- Churchill Tax
Children – Tax Planning

Funding the university years
Supporting your youngster while they’re living away from home and studying at university is expensive. Usually you would have to fund this out of taxed income, but to improve tax efficiency can you divert some of your income directly to them?
Diverting income
The Taxman’s attitude to shifting income is often misunderstood. In most situations he has no objection, even where you save tax. He will allow you to give away assets unless you or your spouse can still benefit from the income they generate or you’re giving the assets to your child. In these situations he has special anti-avoidance rules to cancel any tax advantage.
The university years
However, when your youngsters turn 18 the anti-avoidance rules no longer apply.

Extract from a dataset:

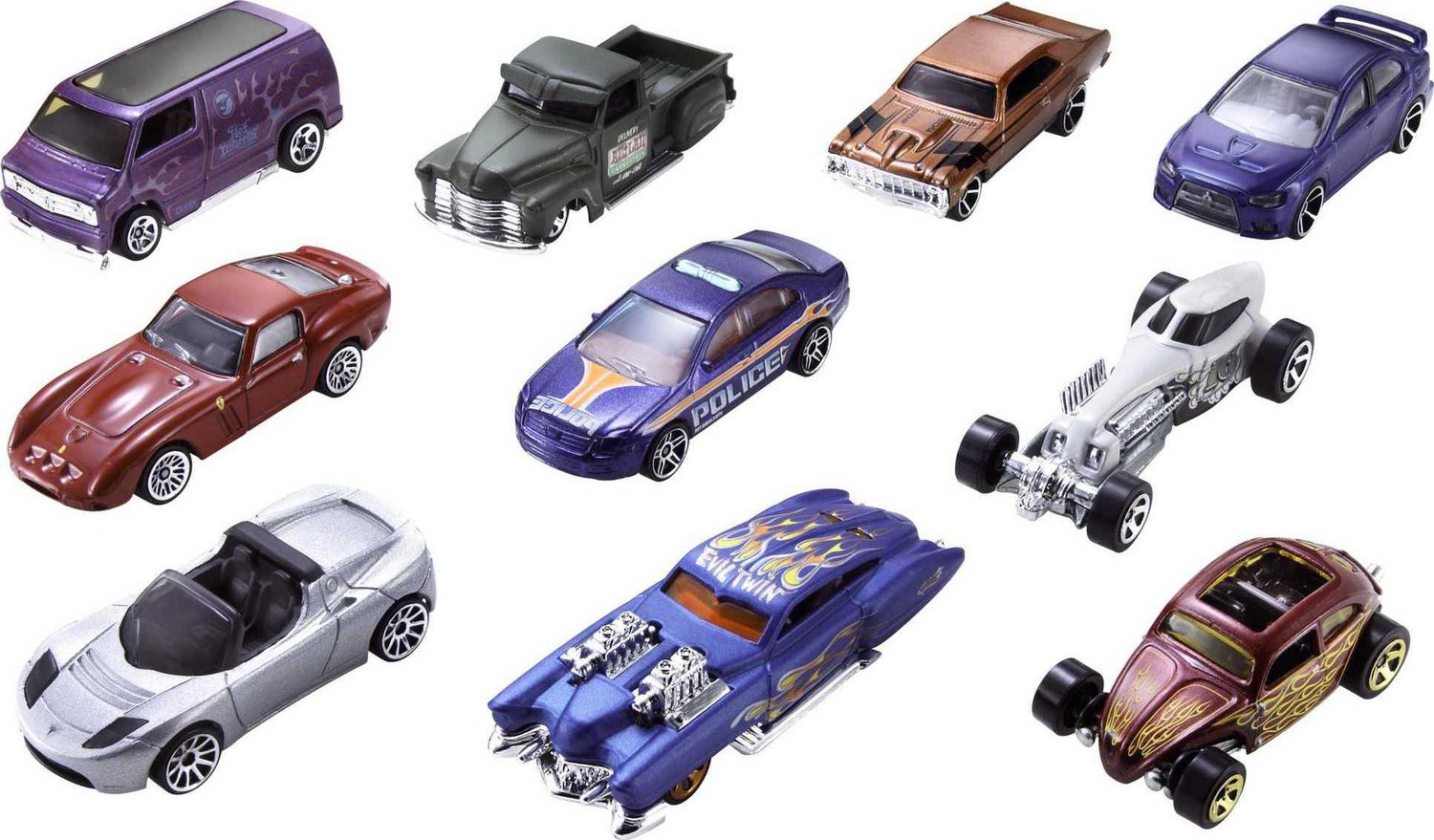 Hot Wheels Coffret 10 Véhicules Utilitaires Ensemble De Semi-Remorques,  Pickups, Camions De Chantier Et Autres, Modèles Modernes Et Vintages, Jouet  Enfant, Dès 3 Ans, HMK46 : : Jeux et Jouets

But how much tax could be saved by shifting income to them?
EXAMPLE:
Bill expects to have to find £9,000 per year to pay for accommodation and living expenses for his son while he’s at university. Funding this from his company dividends will cost Bill £2,250 in extra tax each year. But if he gave his son enough shares in his company, Acom Ltd, to produce annual dividends of £9,000, this would be entirely tax-free.
Structuring the gift
Bill isn’t keen on his son owning shares in Acom. Instead, his idea is to create a new company (Newco) of which he’ll own most of the shares and his son the rest. Some of Acom’s admin functions will be taken over by Newco, for which it will charge Acom a management fee at commercial rates. The profit Newco makes will be paid out as a dividend to his son. Not only does this save Bill £2,250 income tax per year, Acom also receives a Corporation Tax deduction from its profits for the charges paid to Newco.
TIP:
Bill can waive his dividend in Newco meaning there will be more in the pot to distribute to his son in the event that profits can’t be maintained in later years. It’s best that Bill waives his dividend well in advance, but less than a year.
Pros and cons
This scheme works well because Newco is isolated from Acom and so Bill’s son can’t benefit from higher dividends if it makes bumper profits. Plus, the level of income, and thus dividends, can be more easily controlled by varying, within reason, the level of management fees Newco charges. The trouble is, the cost of setting up and running Newco will take a bite out of Bill’s tax saving. Although as he has two more children this makes the scheme more viable as they could also be made shareholders.
TIP:
A simpler and cheaper option is for Bill to create a different class of share within Acom. These can be non-voting ordinary shares so that Bill retains full control of Acom. It then pays dividends on the new shares at a different rate than the ordinary shares. This means that Bill can set the income level for his son simply by varying the rate of dividend on the new shares.
Can anti-avoidance apply?
HMRC isn’t keen on these arrangements, but set up properly there’s not much it can object to. Whichever option you choose, we recommend getting help from your accountant to make sure that it’s set up correctly.
Conclusion
You can transfer assets and the income they generate to anyone aged 18 or over without triggering anti-avoidance rules. For example, you can create a new class of share in your company for your children and pay dividends directly to them while they’re at university. This can save you 22.5% or more in tax.